If rhinos had PR teams, they’d probably campaign for something like: “Love me for my wrinkles, not my horn.” Unfortunately, their iconic horns—made of the same stuff as our fingernails—have become one of the most sought-after wildlife products on the planet. And that has turned them into prime targets in a high-stakes, global crime saga.

But a new Science study brings fresh hope—and fresh thinking. It shows that dehorning rhinos, when done smartly and on a regular basis, can massively reduce poaching. Even better, the study proves that when scientists and rangers team up, rhino conservation gets a significant upgrade.

This is the story of how a team of boots-on-the-ground rangers and data-crunching scientists saved hundreds of rhinos—armed not just with tranquilizers and tracking dogs, but with evidence, trust, and teamwork

A dehorned rhino lays with her calf watching moments before waking up from a safe veterinary procedure. Dehorning is done while the animal is fully immobilised, with trained rangers carefully sawing off the horn just above the growth layer—similar to clipping a human nail. The process is painless and takes just a few minutes. Once complete, the horn is secured in a government-approved vault, while the rhino returns to the wild, less horn but very much alive—continuing its life in the bush, safer from poachers.

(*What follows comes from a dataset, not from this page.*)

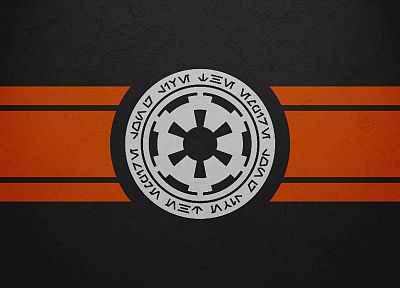 Star Wars, Imperial - random desktop wallpaper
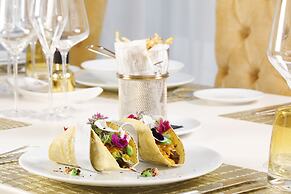 Portals Hills Boutique Hotel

Dehorning: What the Study Shows

Between 2017 and 2023, 11 wildlife reserves in southern Africa worked with researchers to track rhino poaching incidents and anti-poaching efforts. This included over 2,200 dehorned rhinos, nearly 2,000 poaching incidents, and more than $74 million in anti-poaching spending.

They looked at everything from ranger patrols, fences, cameras, sniffer dogs, integrity management, helicopter teams, rhino tracking technology, and more. Eleven different interventions were measured. But the results were surprisingly clear: rhino dehorning stood out as the only intervention consistently associated with large reductions in poaching.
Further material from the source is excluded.